Formal Support Systems

Experiences With the Police Department

Experiences with the police department included calling 911, working with police officers who arrived at the scene, and filing orders of protection or reports related to IPV incidences. Of the participants (47%; 9 out of 19) who called the police, participants reported positive experiences. For example, Sofia’s affirmative testimony included, “When I called 911, they spoke Spanish. When the police came to my house, they also spoke Spanish. The police officers had information for me, and they helped me find a place to stay.” Abby reported another positive experience, “When the police came, they had a domestic violence advocate with them. She was very helpful and helped me file a report.” Finally, Dolores stated, “I had an order of protection. He came to my house. He could not live there. I called the police, and they took him out of the house. They helped me so much.” Despite language barriers, other participants reported positive experiences with police officers using interpreters via the telephone if they did not speak Spanish and others indicated they were treated with respect at police departments while filing orders of protection.

Almost half of the participants reported not calling the police due to fear (e.g., threats by partners related to deportation, legal-status implications) and negative experiences (e.g., language barriers and police officers not speaking Spanish). Others who called the police included landlords, neighbors, and family members. Regarding negative experiences, Leticia reported:

It was very hard to call the police. I was afraid because he [partner] always said they would not believe me [regarding current physical and verbal abuse] and they would deport me. He [partner] said that they would take away my papers [process of applying for residency].

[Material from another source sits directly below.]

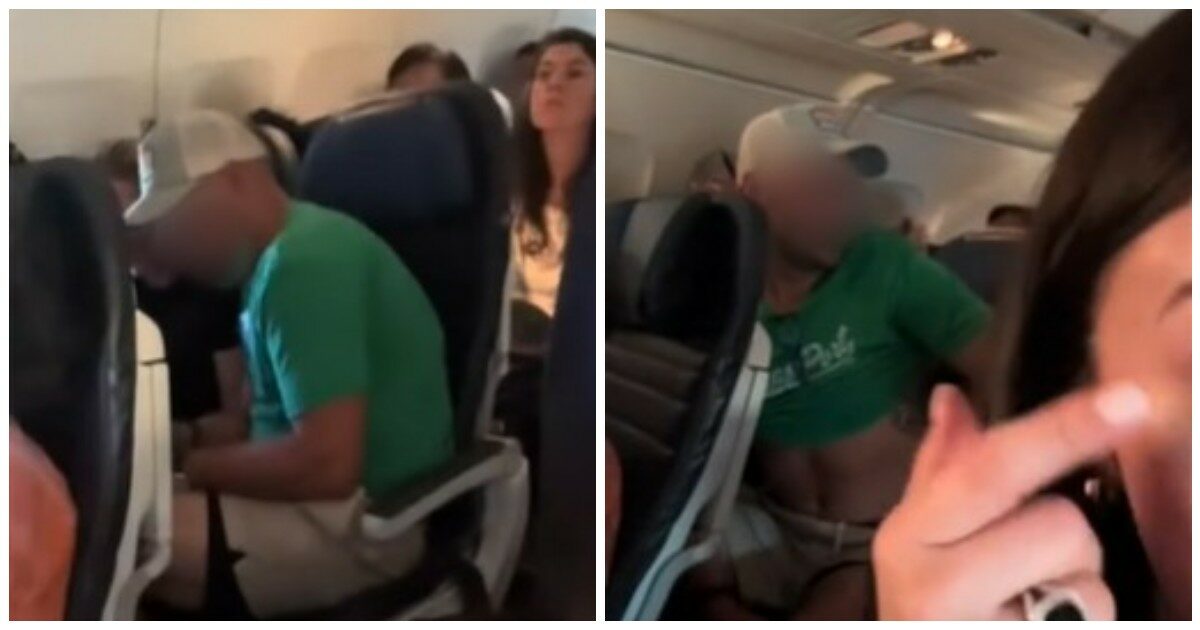 “Se questo è tuo marito, sappi che probabilmente stanotte starà con un’altra ragazza”: riprende un uomo sposato che flirta in aereo e posta il video su TikTok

Another participant reported a negative experience when the police officers arrived at the house. Lola explained:

The police arrived at my house; I am not sure who called them. They only spoke English. They separated us and they told me to go to the basement. I was taken away by the police when it was my husband who hurt my finger.

Another participant described negative experiences due to language barriers. For example, Rita stated, “The police officers did not help me. I could not understand English, and they only spoke English. I felt discriminated against because I did not know English.” Paola described experiencing racism by one police officer. She indicated, “When I called the police to file a report, one of them did not speak Spanish and he was racist. The other police officer who took the report was better and I felt like he believed me.” Findings regarding language barriers indicated participants’ frustration and disappointment while accessing formal support systems (i.e., a police department). Further exploration is needed regarding participants’ experiences with non-Spanish-speaking police officers and help-seeking behaviors among ILs during IPV incidences. Despite experiencing negative experiences, the participants reported generally feeling relieved that police officers arrived at the scene and that the abuser could no longer hurt them.

Experiences With Community-Based Agencies

Participants described overall positive experiences with the services provided by the community partner in the study: Progreso Latino, Inc. Examples of legal aid at Progreso Latino, Inc. included accompaniment to court hearings, filing of orders of protection, support groups, crisis interventions, referrals to immigration lawyers and family court, and monetary assistance (e.g., rent money). For example, participants (37%; 7 out of 19) obtained accompaniment services to court during the pandemic. Ines described her experience, “They [caseworker at the agency] were very attentive. She called me, helped me get counseling, and she went with me to court to fill out an order of protection.” Elenora also stated, “The agency helped me with my immigration papers. They also went with me two times to court. I was afraid to tell the judge what happened, but the caseworker helped me tell my story.”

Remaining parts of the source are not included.